Content The invention relates to a process for the preparation of polyoctenamers with high cis content and polybutenamers with high cis content and copolymers thereof by ring-opening polymerizations of cyclooctene and / or 1,5-cyclooctadiene using a catalyst system composed of (A) an organosilicon compound, (B) a tungsten halide salt and (C> an organoaluminum compound.

Ring-opening polymerization is to be understood as meaning a process which, when carried out, cycloolefins in the presence of an olefin double conversion catalyst (metathesis catalyst) form polyalkenamers having a high molecular weight.

It should be noted that in polyalkenamers, which are based on the ring-opening polymerization Decrease of cycloolefins, the repeating polymer segments the same Number of carbon atoms and double bonds like the polymerized cycloolefin contain. This phenomenon is in contrast to addition polymers, which consist of acyclic Olefins and diolefins are produced in which the polymer segments a Contain fewer double bonds than the olefin or diolefin monomer used.

Recently, there is a need for high cis polybutadiene and high cis polyisoprene made by polymerizing butadiene or isoprene, arose because these elastomers with a high cis content certain desired ones Possess properties.

The polymer obtained by ring-opening polymerization of 1,5-cyclooctadiene, which can be referred to as polyoctadienameres (I) or polybutenameres (11), is predominantly that same high 1,4-content polybutadiene made by addition polymerization of butadiene. However, one important difference should be noted. High 1,4-content polybutadiene contains at least some vinyl side chain units as a result of the occurrence of some "1,2-addition" (in addition to normal 1,4-addition) during the addition polymerization of the 1,3-butadiene monomer. However, such vinyl units are completely absent in the polybutenamer (11) due to the mechanism inherent in ring-opening polymerizations of cycloolefins, according to which the formation of such side groups cannot occur.

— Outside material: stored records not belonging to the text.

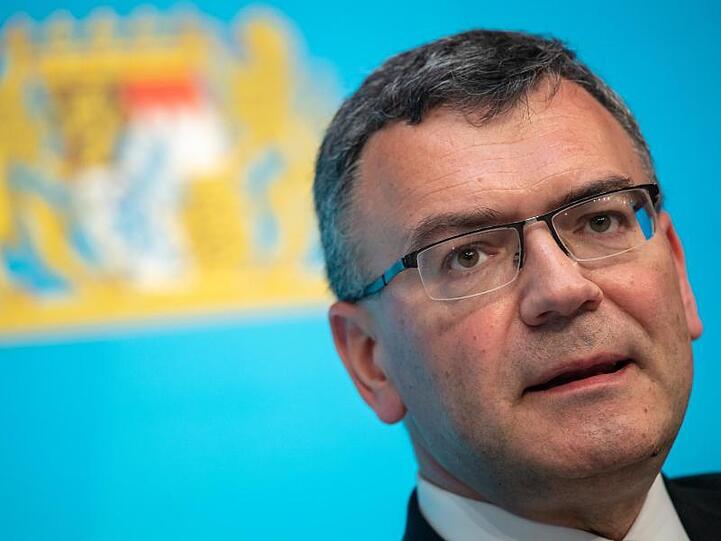 Florian Herrmann (CSU), Leiter der bayerischen Staatskanzlei, schaut in die Kamera. Foto: Peter Kneffel/dpa/Archivbild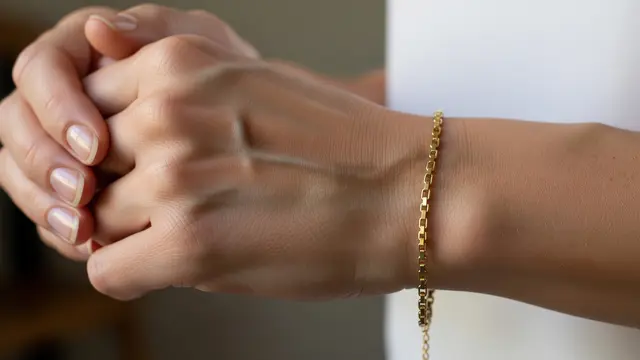 Gelang Emas Simple Elegan untuk Ibu Rumah Tangga Modern 2026/Gemini AI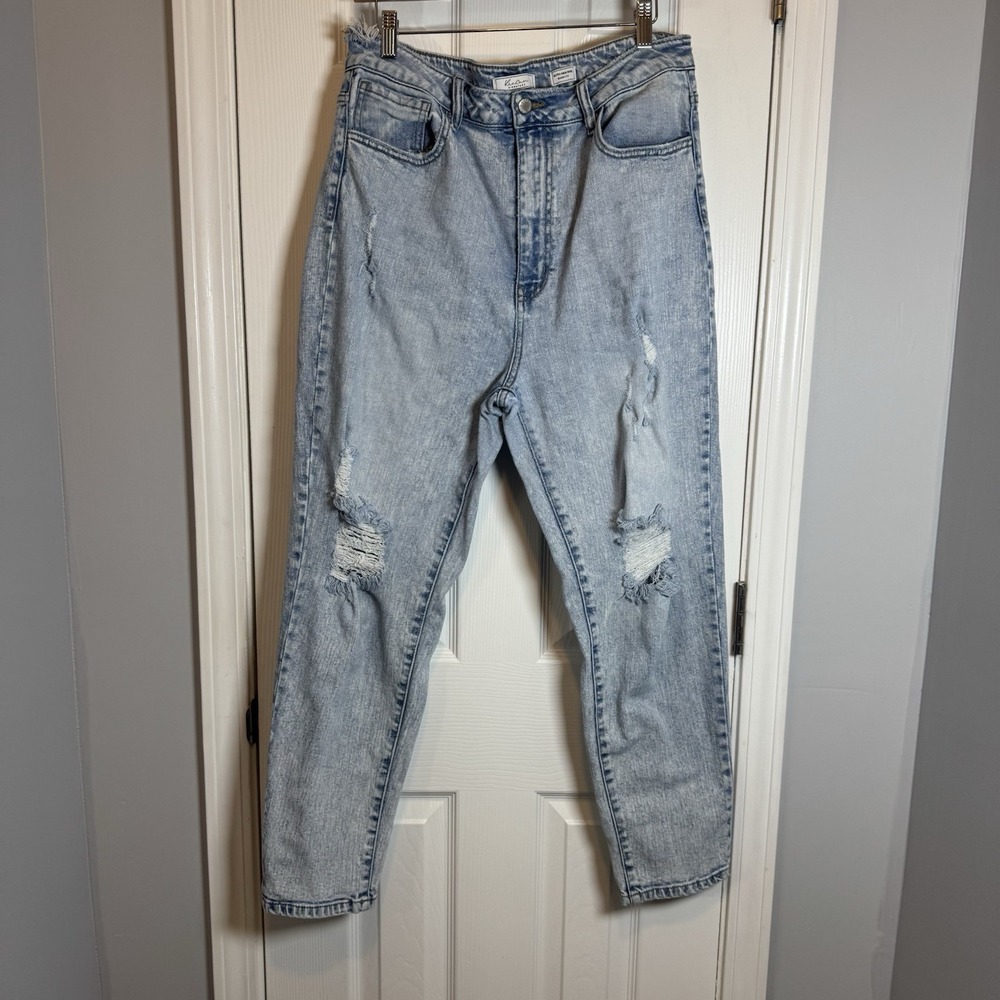 KanCan Jeans Womens Ultra High Rise Baggy Fit distressed sz 30 Light Wash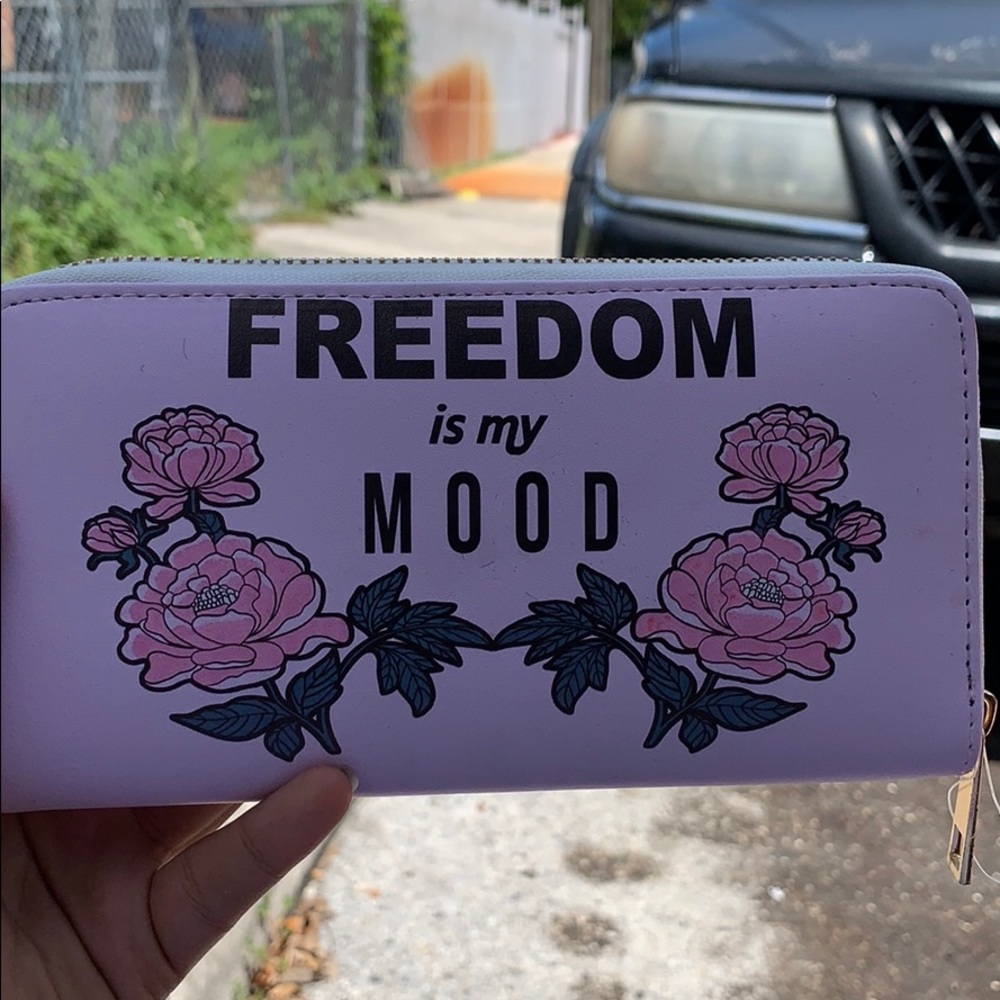 Woman’s wallet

In the known ring-opening polymerization process of cycloolefins and cyclodiolefins occur slightly less than 90 of the vinylene (-CH = CH-) units of the Polymer products in the cis configuration. One of the advantages of the invention is that by applying the methods described, polyalkenamers (i.e. polyoctenamers and polybutenamers) can be obtained which cis-vinylene contents of approximately 90% or more.

According to the invention, at least one cycloolefin selected from the group consisting of cyclooctene and 1,5-cyclooctadiene is polymerized using a catalyst system which consists of (A) an organosilicon compound of the formula 'R4-nsi (Y) n // wherein R is any Is hydrocarbyl such as alkyl, alkenyl, or aryl, and Y can be selected from the group consisting of vinyl, alkylidenyl, alkoxy, aryloxy, and aralkoxy, where n is at least 2, (B) a tungsten halide of the general formula in which X is chlorine or bromine and R is selected from the group consisting of alkoxy, haloalkoxy, aryloxy, alkaryloxy and acetylacetonyl radicals, where m is 6 when X = Cl or 5 when X is = Br, and where n 'can also mean 3 up to and including 6, and (C) an organoaluminum compound of the formula in which the substituents R1, R2 and R3 independently of one another represent an alkyl or aralkyl group or a halogen atom.

In the case of the compounds (C), it is preferable that they be at least have an aluminum-carbon bond.

Representative examples of compounds of the formula Ri ~ nSi 1 or for component (A) of the catalyst system are diphenyldivinylsilane, diallyldivinylsilane, Diethyldipropylidenylsilane, dimethyldiethoxysilane, benzyltrivinylsilane and tetravinylsilane. Vinyl or alkylidenyl radicals represent a preferred class of group Y.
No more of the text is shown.